Вот уж не ожидал, что кому-то есть дело до моей одежды. Ничего забавного я в своей куртке не находил: темно-серая, с кучей карманов, длиной как раз чтобы спрятать «ремингтон» без приклада, из перелицованного скафандра, но об этом знают всего три человека… нет, теперь уже только два, включая меня.
Гретта стояла в дверях, опираясь о косяк, свежеперебинтованную ногу она подогнула, как цапля. Взгляд у нее был угрюмым.
— Мне зайти? — спросил я, сделав два шага в ее сторону.
— Зачем?
— Поговорим о том, как вы выдаете себя то за журналистку, то за рослого блондина, то за любительницу уфологии.
— Тсс! — Она приложила палец к губам. — Не сейчас. Вечером. Я вам позвоню. — Ее лицо подобрело, и она послала мне воздушный поцелуй. Я подставил ему щеку.
До вечера что-то должно было случиться… Знает ли она о Фише? Если да, то она ждет нашей с ним встречи. Ждет, чтобы ее испортить.
Фиш позвонил в четверть шестого. Звонок застал меня у Изиды, от которой я не добился ничего путного. Брайт наотрез отказался со мной разговаривать.
— О’Брайен улетел десять минут назад, — сказал Фиш.
— Как вы его отшили?
— Он вскрыл мои контейнеры без ордера. У него был список каких-то роботов, якобы украденных. Ничего не найдя, он сказал, что кое-кому придется плохо. Мне почему-то кажется, что вам. Я выдвинул ультиматум: либо он сейчас же убирается с Ло, либо я подаю официальный иск за незаконный обыск. О’Брайен давно ходит по грани, и, выдвини я этот иск, капитана тут же вышвырнут из полиции. Он фанатик, а фанатики никому не нравятся, сейчас не их время. В полицию нравов его перевели из таможни — не сработался, так сказать, с коллективом.
— Вы из-за него сделали крюк, полетев на Ло через Терминал?
— Да из-за кого же еще! Мне доложили, что он туда подался. У капитана хватило бы глупости задержать погрузку контейнеров на корабль.
— Когда и где вас ждать?
— Сейчас пять пятнадцать, я уже вылетаю, значит, где-то около шести я буду у вас. Давайте, ровно в шесть на нижнем уровне стартового стола, у платформы. Знаете, где это?
— Найду. Вы будете один?
— Один. А вы?
— Тоже. Но в принципе у меня есть напарник, поэтому если вы вздумаете…

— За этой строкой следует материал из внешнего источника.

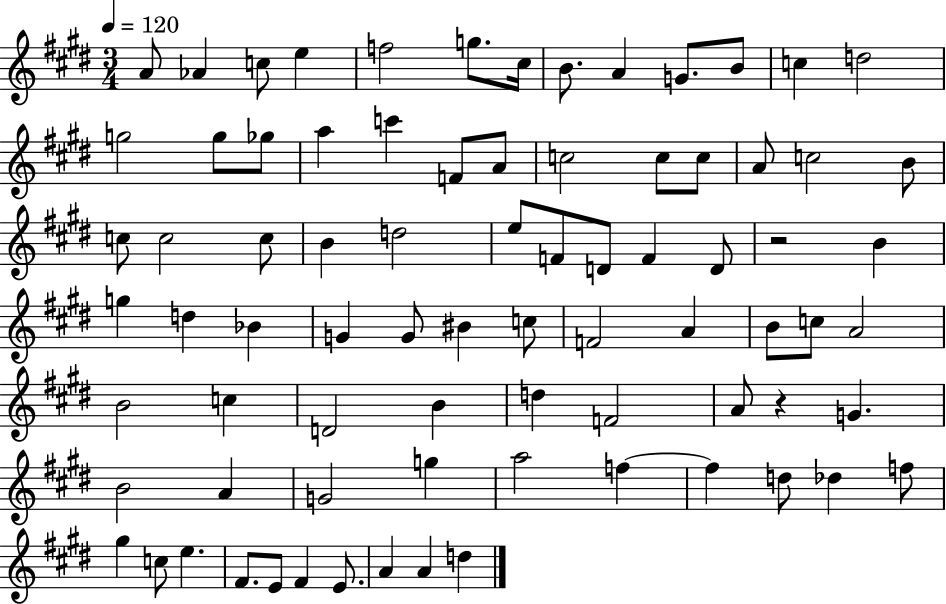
X:1
T:Untitled
M:3/4
L:1/4
K:E
A/2 _A c/2 e f2 g/2 ^c/4 B/2 A G/2 B/2 c d2 g2 g/2 _g/2 a c' F/2 A/2 c2 c/2 c/2 A/2 c2 B/2 c/2 c2 c/2 B d2 e/2 F/2 D/2 F D/2 z2 B g d _B G G/2 ^B c/2 F2 A B/2 c/2 A2 B2 c D2 B d F2 A/2 z G B2 A G2 g a2 f f d/2 _d f/2 ^g c/2 e ^F/2 E/2 ^F E/2 A A d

— Не объясняйте, я все понимаю.
Кроме робота, потребую у Фиша немного понятливости для моего напарника. В течение второй половины дня Гроссман раз в пятнадцать минут спрашивал меня, не звонил ли Фиш. Не верил, если я говорил «нет». Когда же я сказал «да» и передал содержание разговора, Гроссман заявил, что пойдет со мной.
— Нет, вы останетесь в жилом секторе. Во-первых, идти вдвоем небезопасно. За себя-то я не боюсь, но защитить, и себя и вас мне будет труднее. Сидя здесь, вы меня подстрахуете. Я скажу Фишу, что должен звонить вам, ну, к примеру, раз в десять минут. Если он не дурак, — а дураком-то он мне не показался, — то будет вести себя смирно. Это во-первых. Во-вторых, вы присмотрите за Греттой. Если она покинет этаж, вы дадите мне знать и как-нибудь ее задержите.
— Как я смогу ее задержать?
— Подставьте ей подножку. Цельтесь в левую, она уже забинтована.
— Дьявольщина! — выругался он, — это последний раз, когда я вас слушаю.